SELF-INSTRUCT#

Note

We introduce SELF-INSTRUCT, a semi-automated process for instruction-tuning a pretrained LM using instructional signals from the model itself. The overall process is an iterative bootstrapping algorithm, which starts off with a limited (e.g., 175 in our study) seed set of manually-written tasks that are used to guide the overall generation.

  • In the first phase, the model is prompted to generate instructions for new tasks.

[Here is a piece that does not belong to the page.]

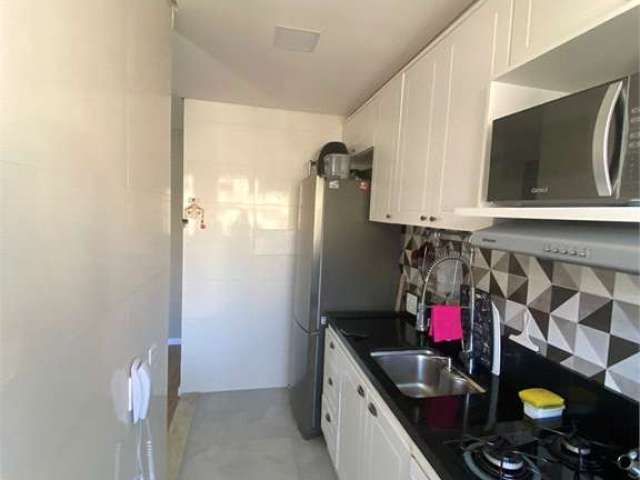 Apartamento á venda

This step leverages the existing collection of instructions to create more broad-coverage instructions that define (often new) tasks.

  • Given the newly-generated set of instructions, the framework also creates input-output instances for them, which can be later used for supervising the instruction tuning.

  • Finally, various heuristics are used to automatically filter low-quality or repeated instructions, before adding the remaining valid tasks to the task pool.

This process can be repeated for many iterations until reaching a large number of tasks.

../_images/self-instruct1.png

Instruction Generation#

../_images/self-instruct2.png

Classification Task Identification#

Because we need two different approaches for classification and non-classification tasks, we next identify whether the generated instruction represents a classification task or not in a few-shot way.

Instance Generation#

Given the instructions and their task type, we generate instances for each instruction independently.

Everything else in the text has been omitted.